Just caught this on my front porch.

What would you do?

  • Choot it!!

    Votes: 83 51.9%
  • Let it go.

    Votes: 42 26.3%
  • Drink its blood.

    Votes: 12 7.5%
  • Change underwear.

    Votes: 23 14.4%

  • Total voters
    160
Haha....tell me are you sitting naked on a tree limb right now with a knife between your teeth waiting to pounce on a passing deers back?
Yup, got my war paint on. No knife in mouth though, this mini Swiss army knife is too east to choke on when jumping.
 
The deep red down the middle looks canebrake but assuming it came from NE Georgia as indicated by the OP's local, I'd call it a timber. They usually have a less distinct stripe but bright stripes are not rare. They are the same species and it's debated whether they are even a separate subspecies. There is a tiny bit of undetectable difference in a bone in the jaw structure between timbers and canebrakes. Coloration morphism doesn't alone indicate a valid subspecies designation as colors vary across various ranges. Typically they get darker the further north and higher altitude (helps absorb heat). Another indication holding the canebrake ("timber rattlers" found further south ...Florida, South GA, along the gulf coastal plain) as a subspecies to most that care about these things is venom. All venomous snakes have a mixture of cytotoxin, hemotoxin and neurotoxin. The mixtures vary greatly. Elapids (Cobras, Coralsnakes, Mambas etc) tend to be heavy on neurotoxins. Pit vipers tend to be heavy on hemo and cytotoxins. Canebrakes are no exception except they are heavier on neurotoxins than timbers. One particular patch of the range in Louisiana and Western Mississippi has an extraordinary bump in the neurotoxicity.

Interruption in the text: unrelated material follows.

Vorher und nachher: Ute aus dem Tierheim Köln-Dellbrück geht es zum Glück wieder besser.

Killing one because it's in your yard and you have kids..not really a valid reason to kill. Unless you have a den in your yard, he's likely just passing through. This time tomorrow, he'd be half a mile down the road. Killing only gives you false security that the "threat" is gone. It doesn't deter another from showing up. Using his visit as an opportunity to show the kids what they look like in person, and that if they just simply walk the other way...These animals did not survive 65 million years of evolution by taking on larger, smarter mammals. They developed rattles to warn buffalo and other large animals away from stepping on them. NOW they are, through natural selection, evolving or adapting AWAY from rattling as a warning due to humans locating by their rattling and killing those that show themselves eagerly, leaving those that don't rattle much to survive and pass on the trait...ie natural selection.

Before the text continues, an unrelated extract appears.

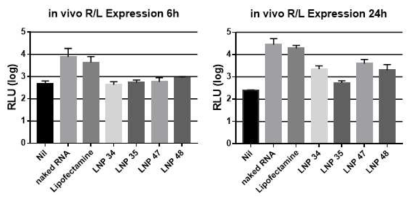 최적의 LNP 선정을 위한 RNA의 단백질 발현 확인 (in vivo)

The best reason to leave them alone?...venom research for medical use is in its infancy. We are finding everyday possible cures and treatments for age old illnesses from venom. Gila Monster venom for example, gave us Byetta (glucagon-like peptide-1 agonist ) that is effective in treating type 2 diabetes. Contortrostatin (may be the closest thing we see in our lifetime to a cure for cancer) it causes malignant tumors to stop growing by cutting off angiogenisis (creating new blood vessels from old blood vessels) Rerouting our blood supply away from vital organs is largely how many types of cancer kills us. Contortrostatin derived from Agkistrodon contortrix contortrix ...which is Latin for our very own Southern Copperhead. Thank you Mr Copperhead for possibly curing cancer...Sorry about the morons that keep chopping your heads off.
 
throw it back in the wild.they eat rats which have killed more people then snake ever have.
+1
It always amazes me how the folks on this site get all puffed up on how they would never back down to anyone and "defend" their (Home,Rights,Property) blah blah.

Only to find so many are afraid of spiders and snakes

Little secret; Killing a snake does not make you a tough guy.
More likely it shows you are ignorant and/or desirous for attention.